- **Input**:
====
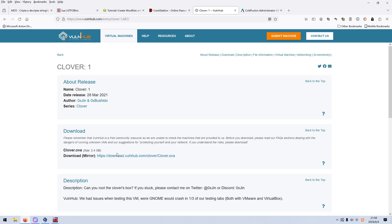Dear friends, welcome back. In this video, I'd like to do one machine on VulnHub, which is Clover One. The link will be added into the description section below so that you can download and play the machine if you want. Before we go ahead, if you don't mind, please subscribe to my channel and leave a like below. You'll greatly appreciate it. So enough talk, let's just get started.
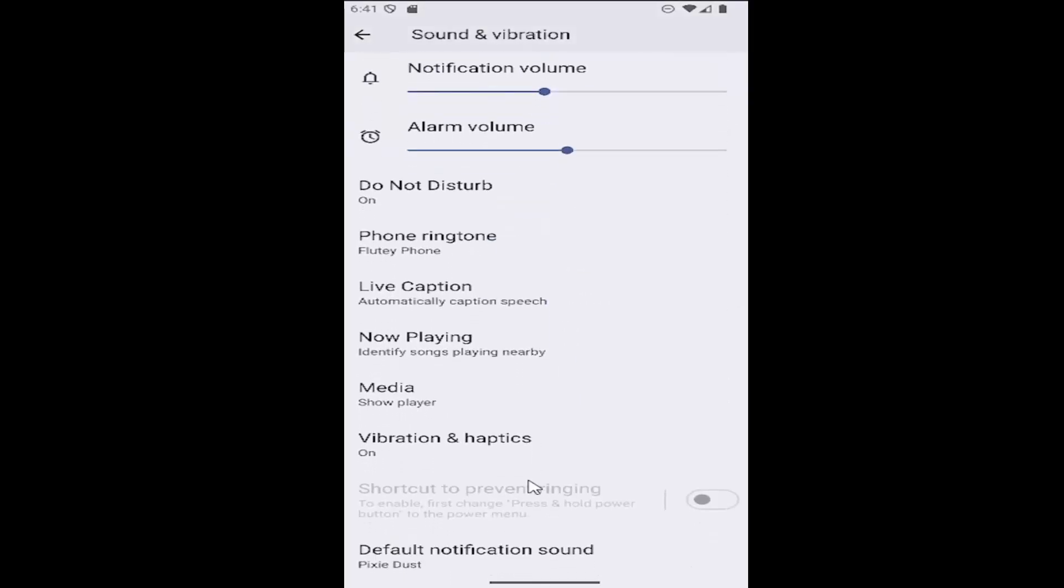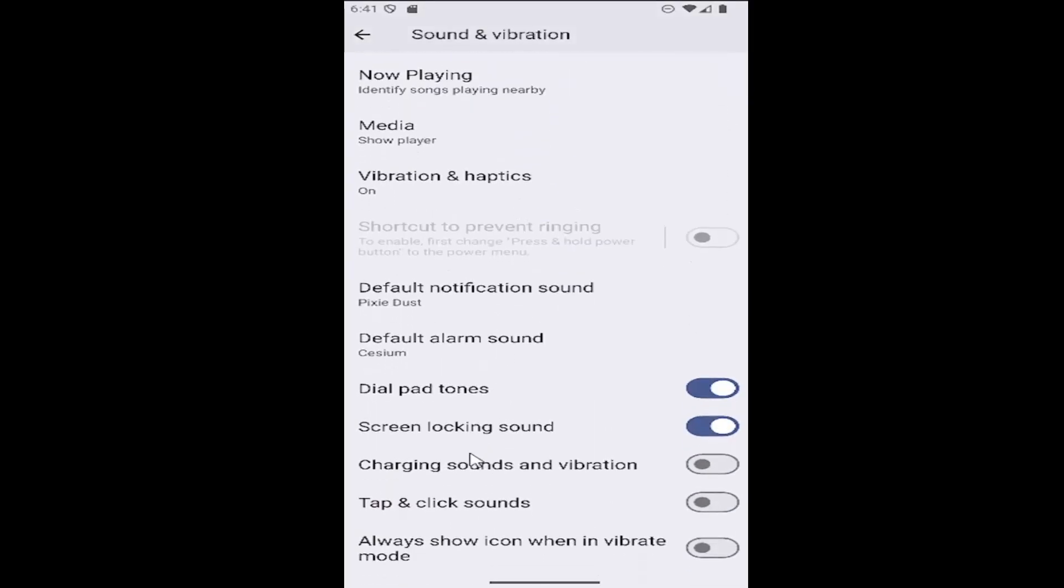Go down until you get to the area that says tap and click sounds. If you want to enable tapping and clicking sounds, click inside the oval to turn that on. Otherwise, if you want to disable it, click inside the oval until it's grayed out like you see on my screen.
====
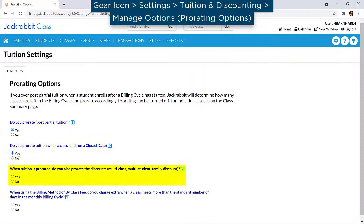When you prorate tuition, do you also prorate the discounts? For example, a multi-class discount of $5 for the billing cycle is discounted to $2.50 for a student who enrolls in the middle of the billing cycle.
====
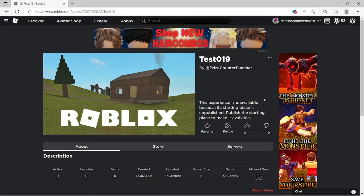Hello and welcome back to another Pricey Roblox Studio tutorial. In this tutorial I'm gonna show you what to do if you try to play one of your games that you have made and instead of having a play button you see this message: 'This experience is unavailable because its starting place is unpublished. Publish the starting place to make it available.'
====
- **Instructions to follow**:
Would you print exactly the lines in the listing above, from the line bearing "Dear friends, welcome" through the line bearing "Go down until", leaving out all pictures?

- **Solution for this task**:
Dear friends, welcome back. In this video, I'd like to do one machine on VulnHub, which is Clover One. The link will be added into the description section below so that you can download and play the machine if you want. Before we go ahead, if you don't mind, please subscribe to my channel and leave a like below. You'll greatly appreciate it. So enough talk, let's just get started.
Go down until you get to the area that says tap and click sounds. If you want to enable tapping and clicking sounds, click inside the oval to turn that on. Otherwise, if you want to disable it, click inside the oval until it's grayed out like you see on my screen.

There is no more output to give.